> **What to produce**
Scan the entries that follow for the word "Street", then report every line in which it appears.

■ ■ ■

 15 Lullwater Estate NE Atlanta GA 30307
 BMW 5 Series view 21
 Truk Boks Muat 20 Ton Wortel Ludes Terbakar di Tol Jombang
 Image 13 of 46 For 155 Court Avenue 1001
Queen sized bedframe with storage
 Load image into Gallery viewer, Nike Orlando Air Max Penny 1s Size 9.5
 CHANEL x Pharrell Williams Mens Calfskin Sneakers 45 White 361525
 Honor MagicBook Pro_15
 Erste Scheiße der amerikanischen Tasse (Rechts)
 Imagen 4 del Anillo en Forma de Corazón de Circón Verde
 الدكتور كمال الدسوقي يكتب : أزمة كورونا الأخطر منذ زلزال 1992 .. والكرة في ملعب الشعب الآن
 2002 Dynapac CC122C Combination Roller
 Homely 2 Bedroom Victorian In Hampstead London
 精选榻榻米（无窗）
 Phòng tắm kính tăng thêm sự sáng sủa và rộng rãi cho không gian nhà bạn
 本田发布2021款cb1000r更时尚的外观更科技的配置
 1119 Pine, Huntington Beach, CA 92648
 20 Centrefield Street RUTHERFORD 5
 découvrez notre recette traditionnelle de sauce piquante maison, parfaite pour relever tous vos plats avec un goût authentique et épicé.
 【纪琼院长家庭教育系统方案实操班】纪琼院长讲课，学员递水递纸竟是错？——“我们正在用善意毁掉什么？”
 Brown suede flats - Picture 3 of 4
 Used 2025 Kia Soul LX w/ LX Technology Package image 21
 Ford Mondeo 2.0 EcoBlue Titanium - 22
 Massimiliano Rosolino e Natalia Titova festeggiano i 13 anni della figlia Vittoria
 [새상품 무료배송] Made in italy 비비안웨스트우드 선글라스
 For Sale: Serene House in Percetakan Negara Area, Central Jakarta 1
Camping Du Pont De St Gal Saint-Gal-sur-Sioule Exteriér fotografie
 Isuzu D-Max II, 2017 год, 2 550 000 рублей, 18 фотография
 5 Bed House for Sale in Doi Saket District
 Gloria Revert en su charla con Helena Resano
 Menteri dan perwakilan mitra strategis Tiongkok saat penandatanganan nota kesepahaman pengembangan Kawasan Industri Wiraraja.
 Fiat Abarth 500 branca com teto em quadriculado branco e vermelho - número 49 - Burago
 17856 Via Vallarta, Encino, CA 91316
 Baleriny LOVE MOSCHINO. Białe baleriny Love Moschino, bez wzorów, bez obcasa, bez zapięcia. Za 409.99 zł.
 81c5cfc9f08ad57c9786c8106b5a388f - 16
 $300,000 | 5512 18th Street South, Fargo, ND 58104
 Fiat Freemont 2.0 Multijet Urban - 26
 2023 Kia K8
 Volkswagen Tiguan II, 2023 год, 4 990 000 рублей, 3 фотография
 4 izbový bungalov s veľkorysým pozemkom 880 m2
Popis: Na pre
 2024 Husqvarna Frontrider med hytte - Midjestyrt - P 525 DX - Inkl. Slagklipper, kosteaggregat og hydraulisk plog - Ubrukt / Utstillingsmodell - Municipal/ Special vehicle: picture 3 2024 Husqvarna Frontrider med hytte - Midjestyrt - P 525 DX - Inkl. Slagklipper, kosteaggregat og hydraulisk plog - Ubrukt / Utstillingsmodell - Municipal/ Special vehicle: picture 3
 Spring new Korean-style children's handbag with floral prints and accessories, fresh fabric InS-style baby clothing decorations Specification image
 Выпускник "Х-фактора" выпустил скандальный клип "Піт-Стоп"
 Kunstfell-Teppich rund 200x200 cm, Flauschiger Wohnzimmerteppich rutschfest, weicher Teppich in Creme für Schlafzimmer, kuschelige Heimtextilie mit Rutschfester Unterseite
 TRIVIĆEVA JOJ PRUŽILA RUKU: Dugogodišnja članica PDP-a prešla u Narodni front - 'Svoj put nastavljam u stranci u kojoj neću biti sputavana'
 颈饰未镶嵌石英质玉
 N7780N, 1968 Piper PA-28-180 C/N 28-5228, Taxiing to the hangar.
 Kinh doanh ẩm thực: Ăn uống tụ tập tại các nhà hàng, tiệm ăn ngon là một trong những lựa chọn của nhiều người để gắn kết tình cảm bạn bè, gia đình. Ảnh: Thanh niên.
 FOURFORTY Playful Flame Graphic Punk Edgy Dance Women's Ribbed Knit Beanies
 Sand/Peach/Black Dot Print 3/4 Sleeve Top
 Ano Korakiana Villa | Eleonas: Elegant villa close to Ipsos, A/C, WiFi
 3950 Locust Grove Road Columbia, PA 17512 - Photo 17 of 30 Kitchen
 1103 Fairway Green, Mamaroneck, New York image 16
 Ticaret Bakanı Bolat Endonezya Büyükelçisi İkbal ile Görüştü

■ ■ ■

> **Exercise answer**
 20 Centrefield Street RUTHERFORD 5
 $300,000 | 5512 18th Street South, Fargo, ND 58104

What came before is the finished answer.